В студии было темно, яркие софиты освещали только небольшую площадку в центре, где разворачивалось действие — неприхотливая инсценировка, которая, по мнению сценариста, должна была произвести на потребителя впечатление разорвавшейся бомбы. Посреди освещенной площадки стояло приспособление, которое должно было навести зрителя на ассоциацию с электрическим стулом. На стуле вполоборота к камере сидела “приговоренная” — артистка Нехама Машаль. На ней была длинная черная хламида, волосы собраны в пучок на затылке, а поза изображала покорность судьбе.

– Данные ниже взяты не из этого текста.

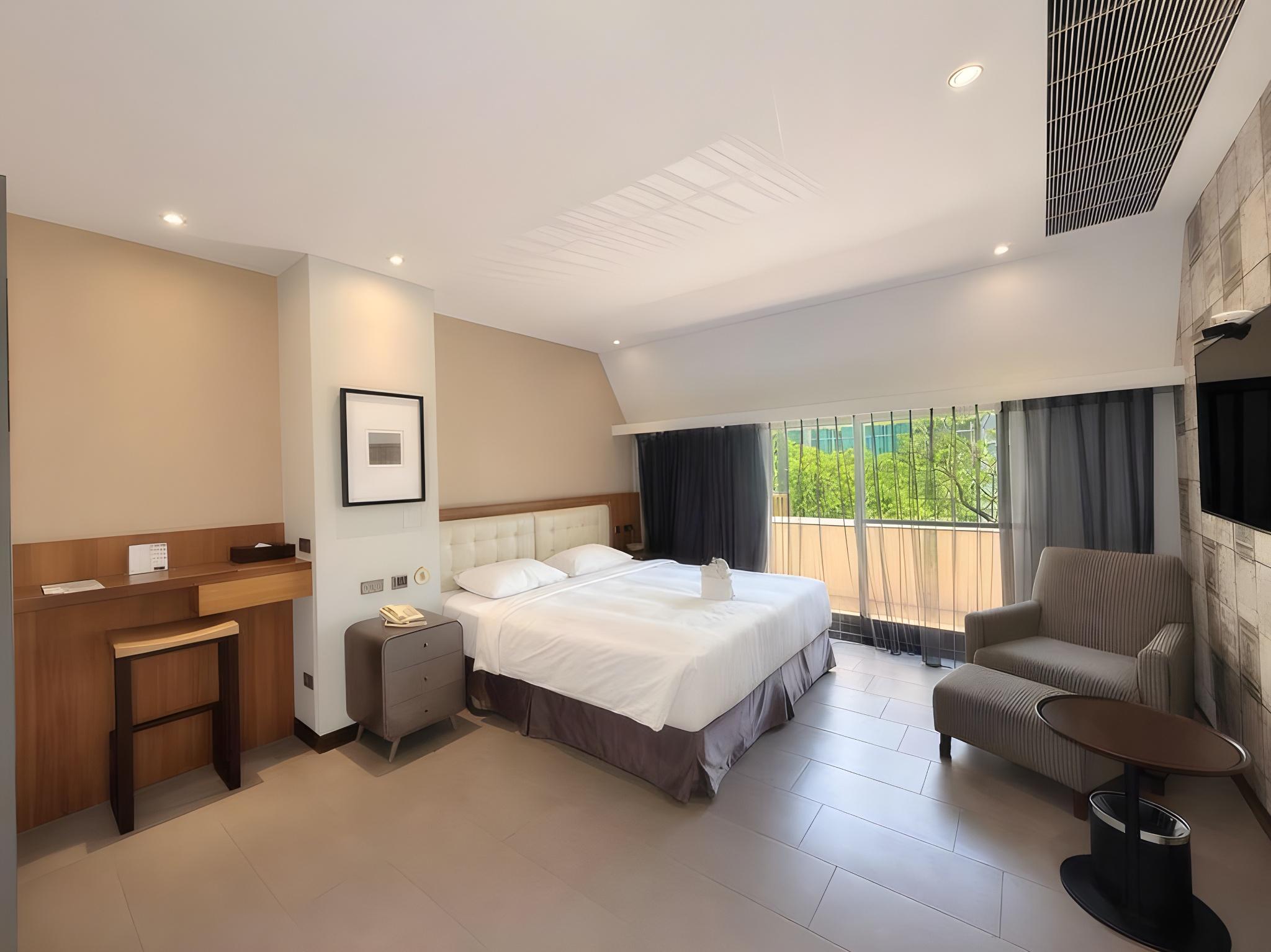 Boutique, Double Bed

Под бодрую музыку (прием контраста!) появлялись палачи — шестеро статистов, наряженных в такие же хламиды, как смертница, но алого цвета. Лица палачей скрывались под масками и капюшонами, а голоса звучали глухо и мрачно. Слов разобрать было невозможно, но по сценарию так и предполагалось — главное было не слова, сказанные в адрес преступной инфляции, роль которой исполняла Нехама Машаль, а конкретные дела, совершаемые премьер-министром, которого, несомненно, поддержит большая часть народа. Попробуй не поддержать, если инфляция-Нехама в конце концов погибает на электрическом стуле, палачи сбрасывают маски и начинают изображать ликующий народ Израиля.

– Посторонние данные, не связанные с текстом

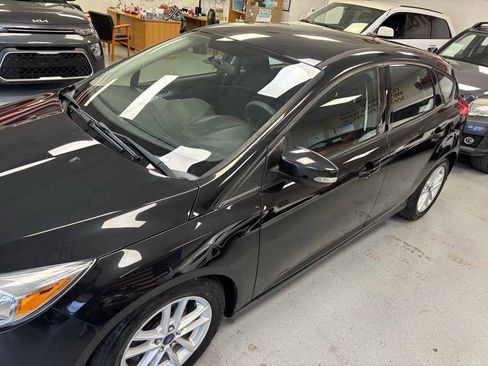 Used 2015 Ford Focus SE image 3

Сценарист Одед Крупник и режиссер Хаим Вермеер сидели в углу, невидимые для артистов, и тихо спорили друг с другом, чтобы их голоса не записались чувствительными микрофонами.
— Мне все равно не нравится, что палачи делают свою работу молча, — сказал режиссер. — Что тебе стоит написать каждому два-три слова? Например, “вот тебе за страдания потребителя” или что-нибудь в этом роде.
— Хаим, — в десятый раз терпеливо объяснял Крупник, — нельзя, чтобы клип был прямолинеен, как гвоздь. Сейчас в нем есть тайна, ты смотришь и думаешь: “А кто вот этот палач? А кто вон тот?” Может, высокий палач — министр финансов? А низкий — директор Банка Израиля? Понятно? В клипе главное — пластика актеров и этой твоей Нехамы, которая играет просто бездарно. Она не способна даже умереть без дурацких претензий на гениальность!
— Помолчи, — прошипел режиссер, пригласивший молодую актрису на роль только потому, что надеялся в будущем затащить ее к себе в постель. — Я знаю, чего хочу.
— Уж это точно, — ехидно сказал сценарист, для которого притязания Вермеера вовсе не были тайной.
Последний палач удалился во тьму, обойдя вокруг казненной инфляции, эффектно отдавшей богу душу и полулежавшей на стуле, низко склонив голову на грудь. Под резкий маршевый ритм софиты замигали, палачи вернулись и сплясали финальный танец, а потом электрик дал полный свет, и режиссер захлопал в ладоши.
— Все! — сказал он. — Закончили!
— Совсем? — с надеждой спросил чей-то голос. Кажется, это был голос помощника режиссера Орена Нира, стоявшего в стороне с текстом режиссерского сценария в руках.